In order to exist, Yahweh needed somebody outside void to observe him (ibid. 16) which he set out to organise via the Big Bang in an act of enantiodromia which brought the universe into being.
When one state has a tendency to morph into its opposite, that is enantiodromia. Picture the alternate points or microdots at the heart of the taijitu, the Tao symbol representing yin and yang, coming into being or dissolving and in so doing affecting the whole (Ashton 2007) which, in the case of the Big Bang saw feminine void as yin morphing into masculine yang in the form of the cosmos which found form in the person of Adam ‘fashioned in (God’s) image as the Anthropos, the original man’ (Jung: 1958:17-18) on a tiny Goldilocks planet, on the outer reaches of the Milky Way.
As the Anthropos (ancient Greek for ‘human being’ (OED)) was fashioned in God’s image that means Adam, Eve, you and I is each a mini universe containing everything. And as the Anthropos was created in order for Yahweh to exist, that means you and I must become conscious that we contain everything as a unity of opposites (complexio oppositorium): masculine-feminine, shadow-light, total justice-total opposite and that therefore we too are an antinomy or paradox which we are tasked to resolve unravel moment-to-moment, day-to-day.
To see God, Adam first needed to become conscious of God. However, back then Adam was little more than animal awareness. He therefore needed to be woken up, goaded, tempted which fortunately this newly-created universe ‘with the division of the world as distinct processes in space and time (when) events begin to rub up and jostle one another ‘ (Ibid. 50) provided, causing discomfort and the opportunity for chance or hazard to intervene initially, in the Garden in the form of the serpent or Satan who tricked Adam (and Eve) out of the animal zone into primitive human awareness of vulnerability as in nakedness, and the beginning knowledge of good and evil (ibid. 51).
According to Jung the next major inflection point happened in the time of Proverbs when thought was being influenced cross-culturally by ancient Greece where the concept, wisdom, in the form of Sophia, and by Hinduism in the form of Shakti, the universal mother (Ibid. 39), found expression in Job who, through suffering meted out by Yahweh and Satan, divined more than Yahweh’s primitive, fierce, vengeful, brute aspect by seeing and understanding that God was also just and wise.
To be seen as a God of Justice and Wisdom was a novel idea and triggered in Yahweh flashbacks of his feminine aspect present in his ‘pleromatic coexistence with Sophia since the days of the Creation’ (Ibid. 52) (we are reminder of that alternate point or microdot representing enantiodromia at the heart of the taijitu).

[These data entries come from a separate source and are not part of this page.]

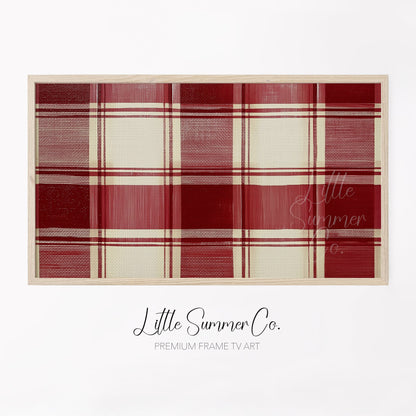 Red Plaid Pattern Frame TV Art displayed on a TV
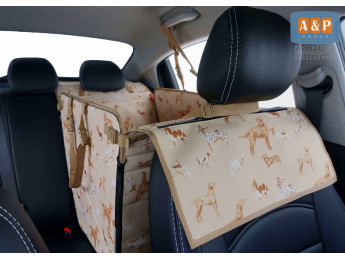 Автогамак Happy Dog Premium (Хэппи Дог Премиум). На 1/3 заднего сиденья. Цвет: выставка собак.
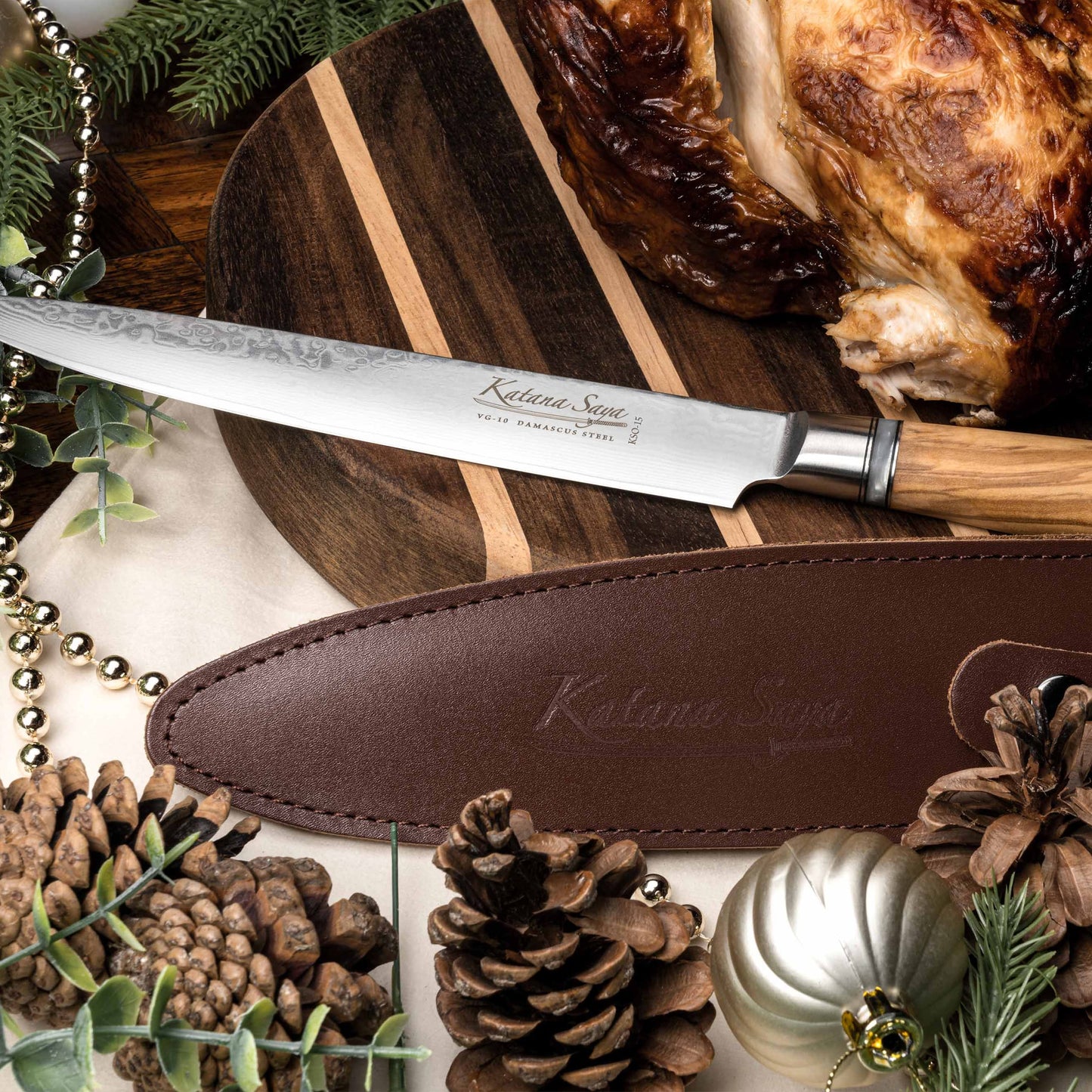 Katana Saya Olive Wood 8 Pce Steak Knife & Fork Set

Job’s insight into God’s inner antinomy attained a divine numinosity (Ibid. 23) as it deepened God’s understanding of his own nature which he was then determined to reveal to its full extent through the incarnation of Christ.
Important to understand that Job’s insight is ‘no more than the outward occasion for an inward process of dialectic in God’ (Ibid. 25). Further, that Job’s insight is as a direct consequence of ‘rubbing and jostling’ in the form of suffering which drew forth aspects or insights lying dormant in Job’s unconscious waiting to be discovered, seen, connected and brought to consciousness.
The unconscious mind of man sees correctly even when conscious reason is blind and impotent. The drama has been consummated for all eternity: Yahweh’s dual nature has been revealed, and somebody or something has seen and registered this fact (ibid 37)
From which Jung drew the principle that:
By engendering insoluble conflicts and consequently an afflictio animae, […] brings man closer to knowledge of God (ibid. 89)
Sacrificium intellectus (dumbing down)
Wouldn’t it be grand to live in a world ruled by the self-same justice seen in Yahweh by Job, and the love and forgiveness personified by Christ? This seems to have been what Yahweh had in mind when, determined not to repeat his mistake in the Garden, this time round, took special precautions to safeguard his incarnation in the form of Christ from the wiles of Satan by arranging a celestial marriage or union through Immaculate Conception followed by a virgin birth thus resulting in Christ being more divinity than human.
But, Jung asked, what happened to Yahweh’s dark side that once ganged up with Satan to torment Job? Where is Satan who once tricked Adam? By factoring out disturbance caused by ‘rubbing’ and ‘jostling’, hadn’t God unwittingly created a context in which there was no further need for ‘insoluble conflicts’ and therefore a general dumbing down? Jung believed so, and this is how it happened:
A sense of Christ’s divinity via the working of the Holy Ghost quickly started rubbing off on Christ’s followers who felt increasingly inoculated not necessarily from sin but from the fear of the consequences of sin and therefore the fear of God. It also engendered naïveté which - playing out in a world of ever-increasing complexity and associated danger - shielded his followers from needing to look too intently at Yahweh’s terrifying and vengeful aspect (ibid. 84-5). With heads and hearts full of Jesus, followers quickly lost touch with their instinctive natures which would at least, Jung believed, have provided access to the hidden wisdom of God (ibid. 87) and, instead, bestowed upon them a sense of independence and free will but, alas, without a balancing self-awareness.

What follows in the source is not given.